═════ EXTRACTED INFORMATION

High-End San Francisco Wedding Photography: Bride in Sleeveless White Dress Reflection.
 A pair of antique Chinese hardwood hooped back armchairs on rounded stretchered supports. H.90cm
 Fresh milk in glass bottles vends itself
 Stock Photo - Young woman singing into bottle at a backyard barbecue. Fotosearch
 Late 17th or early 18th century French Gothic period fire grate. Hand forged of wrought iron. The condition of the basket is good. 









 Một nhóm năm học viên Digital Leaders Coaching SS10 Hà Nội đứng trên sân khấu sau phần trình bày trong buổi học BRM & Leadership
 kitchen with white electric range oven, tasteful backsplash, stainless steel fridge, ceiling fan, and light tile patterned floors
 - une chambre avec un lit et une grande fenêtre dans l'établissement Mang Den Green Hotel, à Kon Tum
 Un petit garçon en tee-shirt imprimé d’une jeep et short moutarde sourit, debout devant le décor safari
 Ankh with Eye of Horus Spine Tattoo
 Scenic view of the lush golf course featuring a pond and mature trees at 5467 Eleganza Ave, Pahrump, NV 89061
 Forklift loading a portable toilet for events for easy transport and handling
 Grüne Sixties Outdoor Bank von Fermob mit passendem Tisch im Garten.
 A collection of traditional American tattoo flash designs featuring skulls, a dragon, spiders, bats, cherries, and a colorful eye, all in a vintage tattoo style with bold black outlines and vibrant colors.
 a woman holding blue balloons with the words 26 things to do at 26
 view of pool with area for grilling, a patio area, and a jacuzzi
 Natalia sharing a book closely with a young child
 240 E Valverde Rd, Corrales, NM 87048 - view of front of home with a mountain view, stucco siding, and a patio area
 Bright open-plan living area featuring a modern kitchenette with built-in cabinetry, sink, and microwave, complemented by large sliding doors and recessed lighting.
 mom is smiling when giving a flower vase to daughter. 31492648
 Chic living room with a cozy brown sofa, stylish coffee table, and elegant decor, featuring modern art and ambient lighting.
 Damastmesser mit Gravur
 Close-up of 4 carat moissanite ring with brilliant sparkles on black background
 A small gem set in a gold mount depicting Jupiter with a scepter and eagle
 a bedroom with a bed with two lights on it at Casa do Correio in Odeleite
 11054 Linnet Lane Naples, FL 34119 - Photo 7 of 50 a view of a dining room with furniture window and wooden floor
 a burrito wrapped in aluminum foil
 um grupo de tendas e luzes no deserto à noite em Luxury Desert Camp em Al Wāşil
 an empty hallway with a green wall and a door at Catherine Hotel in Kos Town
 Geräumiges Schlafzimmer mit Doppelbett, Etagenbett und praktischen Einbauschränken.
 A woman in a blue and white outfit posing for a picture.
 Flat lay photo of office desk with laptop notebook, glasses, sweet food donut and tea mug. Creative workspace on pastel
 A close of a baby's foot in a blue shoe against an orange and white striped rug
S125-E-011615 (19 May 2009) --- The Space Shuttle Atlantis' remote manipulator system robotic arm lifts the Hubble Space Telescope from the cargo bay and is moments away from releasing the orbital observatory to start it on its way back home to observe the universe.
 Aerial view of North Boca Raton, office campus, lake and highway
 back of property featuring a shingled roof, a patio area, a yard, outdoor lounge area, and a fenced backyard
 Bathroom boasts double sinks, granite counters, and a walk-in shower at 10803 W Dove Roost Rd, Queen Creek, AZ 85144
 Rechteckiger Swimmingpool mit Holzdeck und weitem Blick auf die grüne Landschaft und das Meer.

══════════

» **WHAT THE TASK REQUIRES**
Nothing but a number belongs in the answer: the tally of lines in the data holding "area".

» **SOLUTION TO THIS EXERCISE**
4